In a busy, complex world, we inevitably try to simplify things. We just do not have the time to do otherwise. So, we watch, we listen, we condense and then we consume. Nuances are binned, details left on the chopping board. We are left with a boiled down version of the truth. Unsatisfactory, but at least digestible.

Take the case of Iraq. I have just returned from a five-day visit. To many, the conflict is quite simple: a one-dimensional struggle between Islamic State group and a coalition of forces opposing them. But delve beneath the surface, and there is a plethora of issues and suffering, at stake.

I visited a camp for internally displaced people (IDPs) on the border between Baghdad and Anbar province. The people have nothing but the clothes they stand in. They live in tents. There are no toilets, no health facilities and virtually no water. There is certainly no education for the children. And they are living under a baking hot sun.

In one of the tents, I met a family with a newborn baby. The baby was lying on the ground, crying for her mother. In the overheated tent, the sheer despair and desperation of the family was almost overwhelming. And they were just one family of the thousands upon thousands living in similar makeshift camps on both sides of the border dividing Baghdad and Anbar province. No one knows how many people there are.

Many of those living there have been displaced for a second or third time. They cannot go back to Ramadi because of ongoing fighting there. They fled Baghdad where they had relocated in the first place because of death threats. One woman told me how her husband and two sons had been killed in the Iraqi capital. They cannot go on to the next place because they might be attacked. Attacked by different people, for different reasons and at different times. They are in no man’s land – in every sense of the word.

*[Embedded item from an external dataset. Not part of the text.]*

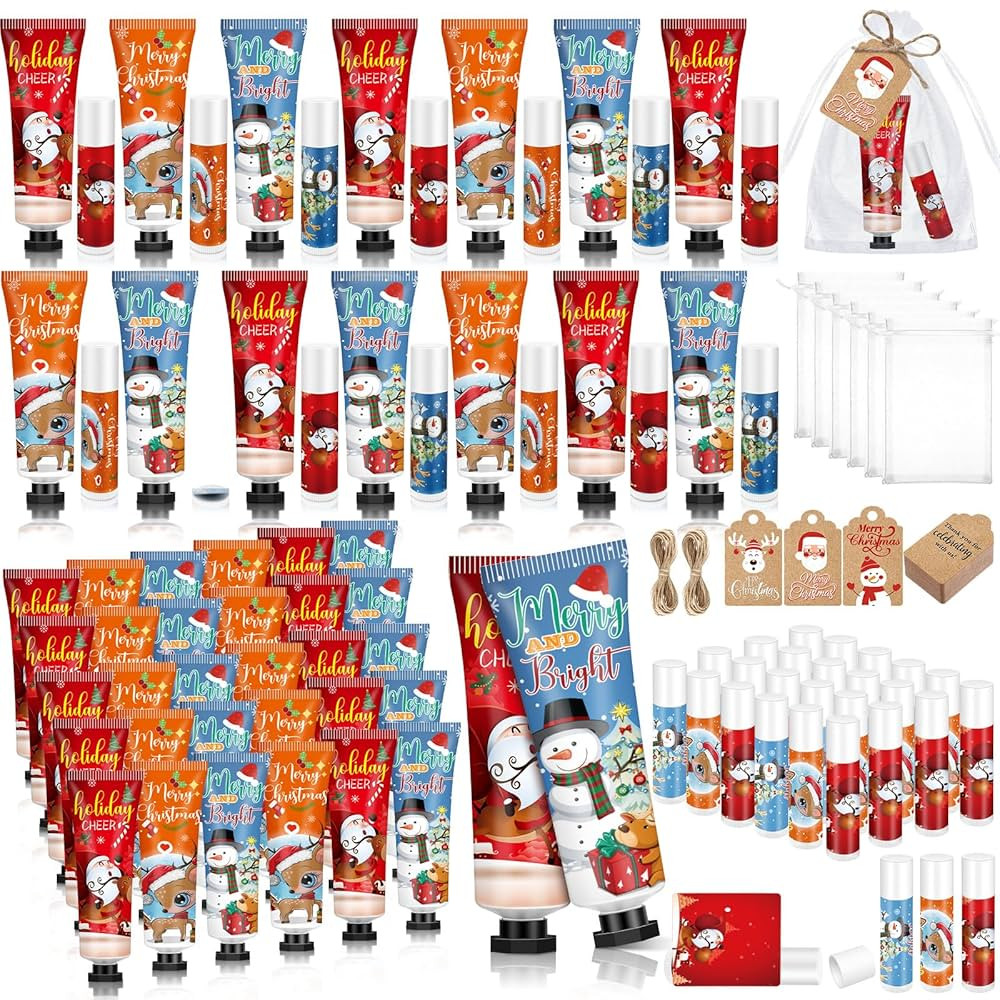50 Sets 200 Pcs Christmas Hand Cream and Lip Balm Sets Christmas Stocking Stuffers Holiday Treat ... | Amazon (US)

In the north of the country, near Kirkuk and a couple of kilometres from the fighting, I visited three villages in an area rich in oil and agricultural farmland. Every single building in all three villages, except the mosque, had been razed to the ground. The villagers were slowly returning, but living in tents next to their destroyed homes, slowly rebuilding their lives and their homes, brick by brick.

The point of mentioning these snapshots of today’s Iraq is that we are looking at a patchwork of conflict and suffering. Different places, different causes. The country has suffered decades of war, foreign intervention, internal fighting and conflict between Sunni, Shia and the Kurds. Layer upon layer of insecurity and violence. Hundreds of thousands of people, from so many conflicts, still remain missing.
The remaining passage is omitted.